What Is a Nontraditional Mortgage?

A nontraditional mortgage broadly describes mortgages that do not have standard conventional characteristics. These can refer to any type of mortgage that doesn't conform to a standard amortization schedule or have standard installment payments.

Nontraditional mortgages often come with higher interest rates because of the higher payment risks associated with the loan. Examples include balloon loans, hybrid ARMs, or interest-only mortgages.

Key Takeaways

  • Nontraditional mortgages do not contain conventional characteristics of a mortgage such as an amortization schedule or standard and fixed installment payments.
  • These mortgages may come with higher interest rates because of higher payment risks associated with the loan.
  • In a nonstandard mortgage, borrowers may be able to defer principal and, in some cases, interest payments until the full balance is due.
  • Balloon and interest-only loans, hybrid ARMS, and payment-option adjustable-rate mortgages are examples of nontraditional mortgages.

Understanding Nontraditional Mortgages

A mortgage is a debt vehicle used to purchase a property—a home, land, or other types of real estate. The owner pays down a predetermined payment amount—a combination of principal and interest—over a certain period of time. This period is referred to as the amortization period. The mortgage is secured by the property, so if the mortgagor fails to fulfill their financial obligation, the lender can foreclose on the asset.

Traditional mortgages are simply structured, where a mortgagor borrows on a fixed or variable interest rate, making payments until the loan is completely paid off. They offer borrowers predictability, so there are no surprises in terms of the amount of the monthly payment or when the loan ends.

Nontraditional mortgages are different because they offer a variety of other options for borrowers. These products give borrowers more flexible repayment terms, allowing them to defer their payments—primarily the principal balance, but, in some cases, also interest. This lowers how much the borrower is initially responsible for before the full balance is due.

Nontraditional mortgages can also be offered by lenders that aren't banks and traditional financial institutions.

These types of mortgages often come with a higher risk. That's because there's a higher risk for default. any of these mortgages require less asset and income requirements. There is a trade-off though—the lender can charge borrowers a higher interest rate. Nontraditional mortgages are usually extended to borrowers in nontraditional situations including subprime borrowers. Because they may not have another place from which to borrow, they're generally willing to accept a higher interest rate along with the flexibility they offer.

Types of Nontraditional Mortgages

Some of the market’s most common nontraditional mortgages include balloon mortgage loans, interest-only mortgages and payment-option adjustable-rate mortgages (ARMs).

Balloon Mortgage Loans

In balloon-payment loans, both the principal and interest can be deferred until the maturity date. Once the mortgage reaches maturity, the borrower is required to make a lump-sum payoff. Balloon-payment loans can also be structured with interest-only payments. Balloon-payment mortgage loans are commonly used by developers.

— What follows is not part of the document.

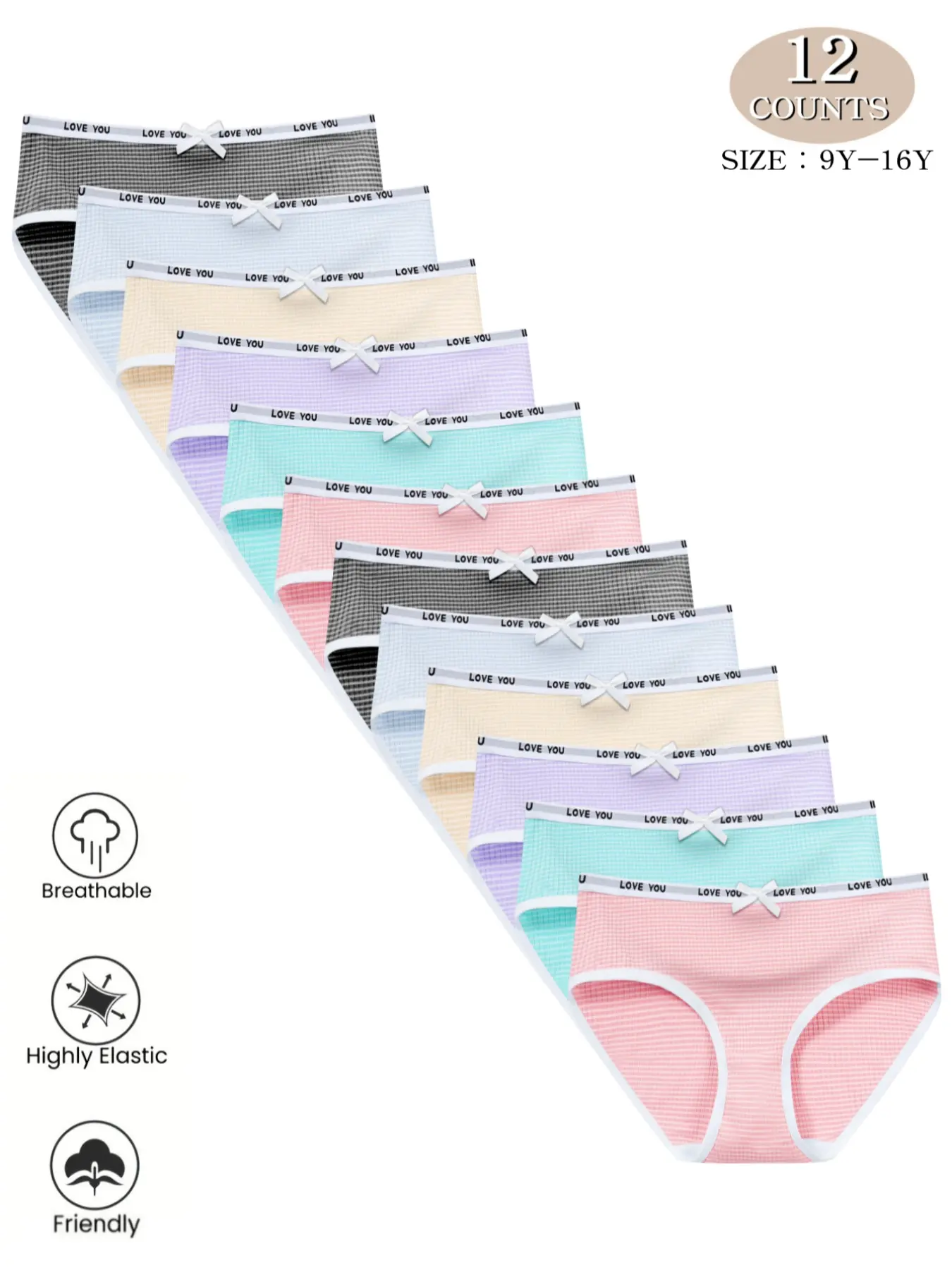 12-Piece Seamless Ribbed Set, Multi-Colored Sizes (9y-16y), Striped Bow Design, Youth Underwear Girls' Knit Fabric Under Clothing, Breathable & Comfortable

They generally come with higher interest rates and offer deferred payments.

Interest-Only Loans

Just like balloon-payment loans, interest-only loans are also commonly offered by developers. These loans require the borrower to make regular interest payments followed by a lump sum principal payment at maturity. In the case of building development, many developers use a take-out loan at maturity or refinance a balloon payment loan with collateral once it has been built.

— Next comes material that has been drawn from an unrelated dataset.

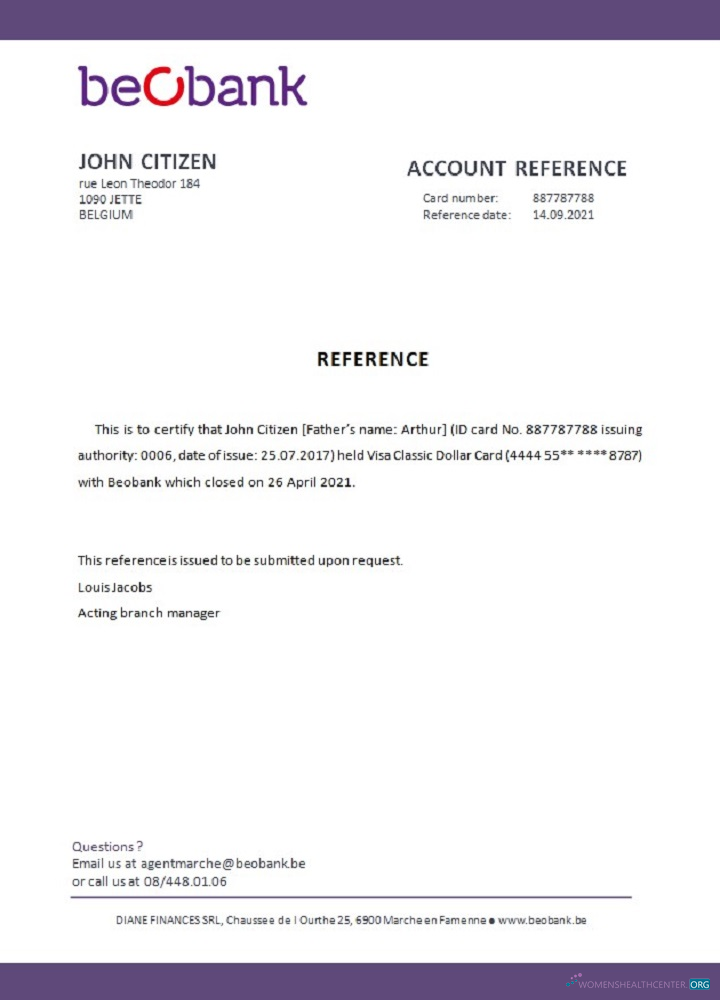 Профессиональный Скачать Бельгия Beobank Closure Reference Photoshop Шаблон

Payment-Option Adjustable-Rate Mortgages

Payment-option adjustable-rate mortgages (ARMs) are one of the most flexible nontraditional loans offering numerous payment options for mortgage loan borrowers. These loans follow the adjustable-rate mortgage framework however they give borrowers the option to choose the type of payment they would like to make each month.

Payment-option ARMs require a fixed-rate interest payment for the first few months or years of the loan. After that, the loan will reset to a variable rate loan, usually charging a high margin to compensate lenders for some of the higher risks. In a payment-option ARM, the borrower can choose from several options offered by the lender when making their monthly installment payment. Payment options typically include a low fixed-rate option usually based on the introductory period rate—an interest-only payment—or a 15- or 30-year fully amortizing payment.

Payment option ARMs can be complicated for both borrowers and lenders since they involve negative amortization. With a payment-option ARM, any unpaid principal or interest below the standard payment amount is added to the borrower’s outstanding principal, increasing the amount of interest they are charged on subsequent payments.